Another day, another prophecy of economic woe. This time it was the International Monetary Fund delivering the bad news, announcing this week that it has cut its UK economic growth forecast to just 1.6% per year in 2008 and 2009.

It is the last thing Alistair Darling needs, as he struggles with fears the housing market is about to expire, a backlash over the abolition of the 10p tax rate, and of course the global credit crunch.

No surprise, then, that the beleaguered chancellor lost no time in disavowing the IMF’s figures and insisting that his considerably more optimistic growth forecasts, first set out in last month’s Budget, tell the real story.

Trouble is, Darling’s forecasts were greeted with considerable scepticism then, and the steady stream of bad news in the weeks since – new mortgage, anyone? – leaves them looking like wishful thinking now.

The Liberal Democrats’ Vince Cable, who in recent months has established himself as something of an oracle on all matters economic, has accused the chancellor of ‘whistling in the dark’. He has called on Darling to level with the public about the very real problems facing the UK. Few are likely to disagree.

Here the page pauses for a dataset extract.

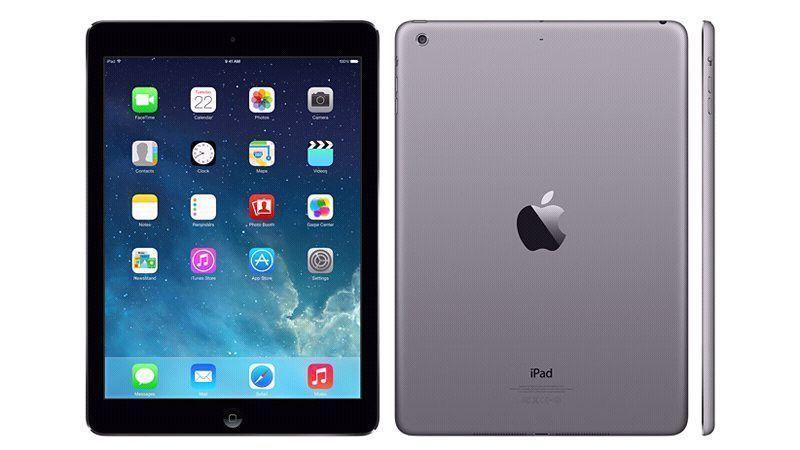 Apple iPad Air 16GB Wi-Fi + Cellular Unlocked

In such uncertain times, everyone has good reason to be nervous about the security of their jobs and homes. A chancellor who insists, with Panglossian optimism, that all will be well does not give the impression of one prepared for the economic shocks still to come.

It is a particular concern for public servants, who can expect further budget squeezes and demands for efficiency savings if it turns out the Treasury has got its sums wrong.

So the public is entitled to expect from the government a sober analysis of the challenges we are all facing, instead of a narrative that appears rooted in political expediency rather than economic reality.

Not least the many public sector employees who are being asked to accept below-inflation pay rises for the good of the country.

If the government were willing to acknowledge the evident problems with the UK’s public finances and economy, it could even help persuade the sceptics it has a strategy for addressing them.